Afrofuturist Nnedi Okorafor to speak on campus


If you have not heard of Nnedi Okorafor before, that may soon change.


The Nigerian-American writer of Afrofuturistic science fiction and fantasy penned several issues of Black Panther comics, and her novel “Who Fears Death” is being turned into a television series for HBO by none other than George R.R. Martin, author of “Game of Thrones.”


On March 19, Okorafor will speak at 7:30 p.m. in the Bromeley Family Theater in Blaisdell Hall. The presentation, which is the keynote event of the campus's Women's History Month Celebration, is free and open to the public.

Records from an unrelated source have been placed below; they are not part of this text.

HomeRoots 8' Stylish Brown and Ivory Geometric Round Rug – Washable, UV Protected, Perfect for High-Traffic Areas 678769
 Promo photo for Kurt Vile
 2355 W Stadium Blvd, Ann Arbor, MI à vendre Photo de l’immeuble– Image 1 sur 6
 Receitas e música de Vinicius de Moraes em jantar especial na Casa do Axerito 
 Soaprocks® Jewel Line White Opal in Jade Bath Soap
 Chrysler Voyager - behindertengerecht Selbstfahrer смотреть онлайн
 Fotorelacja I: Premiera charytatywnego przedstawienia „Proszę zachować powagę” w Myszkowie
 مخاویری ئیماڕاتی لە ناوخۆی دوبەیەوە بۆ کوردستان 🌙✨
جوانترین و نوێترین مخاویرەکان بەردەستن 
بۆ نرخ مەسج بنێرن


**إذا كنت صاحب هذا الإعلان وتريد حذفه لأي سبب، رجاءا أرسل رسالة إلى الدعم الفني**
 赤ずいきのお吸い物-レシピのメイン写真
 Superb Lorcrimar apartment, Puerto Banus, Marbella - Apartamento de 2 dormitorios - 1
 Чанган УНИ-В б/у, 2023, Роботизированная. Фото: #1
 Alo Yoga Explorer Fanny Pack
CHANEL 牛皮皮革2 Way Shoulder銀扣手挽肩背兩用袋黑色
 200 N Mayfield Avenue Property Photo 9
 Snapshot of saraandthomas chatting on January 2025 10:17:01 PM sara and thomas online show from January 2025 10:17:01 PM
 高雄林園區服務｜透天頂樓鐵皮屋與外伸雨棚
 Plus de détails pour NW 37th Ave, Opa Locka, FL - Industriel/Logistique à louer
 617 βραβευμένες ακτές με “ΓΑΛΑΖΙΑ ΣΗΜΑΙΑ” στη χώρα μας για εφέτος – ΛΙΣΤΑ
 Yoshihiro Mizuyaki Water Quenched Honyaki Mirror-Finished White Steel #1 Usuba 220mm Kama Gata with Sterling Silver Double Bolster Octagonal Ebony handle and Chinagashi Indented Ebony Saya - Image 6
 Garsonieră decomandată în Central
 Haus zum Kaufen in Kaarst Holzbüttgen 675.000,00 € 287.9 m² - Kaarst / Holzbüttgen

Fantasy fiction pioneer Ursula K. LeGuin said of Okorafor, “There's more vivid imagination in a page of Nnedi Okorafor's work than in whole volumes of ordinary fantasy epics.”


In addition to the award-winning “Who Fears Death,” she is known for her “Binti” trilogy about a young woman who is the first of her people ever chosen to attend a select university, which happens to be on a faraway planet. In her travels, she unites warring factions and makes friends of enemies whom she brings back to Earth with her. The third installment in the series was released earlier this year.


Last year, Okorafor was chosen to contribute to Random House's series “Star Wars: From a Certain Point of View,” stories told from the perspective of minor characters in the saga.


Also in 2017, Entertainment Weekly selected her for its list of “27 Female Authors Who Rule Sci-Fi and Fantasy Now.”


Okorafor writes African-based science fiction, fantasy and magical realism for children, young adults and adults. Other books include “The Book of Phoenix,” an Arthur C. Clark Award finalist; the children's book “Chicken in the Kitchen,” the Akata series, “Lagoon,” and more.


Dr. Nancy McCabe, professor of writing and director of the writing program at Pitt-Bradford, spoke about why she invited Okorafor to speak on campus.


“My students are very interested in science fiction and fantasy, and I've long wanted to bring someone in who writes in those genres. Science fiction has not traditionally been a welcoming field for women writers, nor has it been welcoming to nonwhite writers, and Nnedi Okorafor has smashed a lot of barriers and brought a new cultural perspective to science fiction.”


McCabe, Karen Bell and Dr. Tracee Howell used Okorafor's works as part of writing and literature classes being taught on campus this year.


Okorafor teaches at the University at Buffalo, N.Y., where she is a full professor. Her visit is co-sponsored by Spectrum, the Pitt-Bradford writing program and the Gender, Sexuality and Women's Studies program.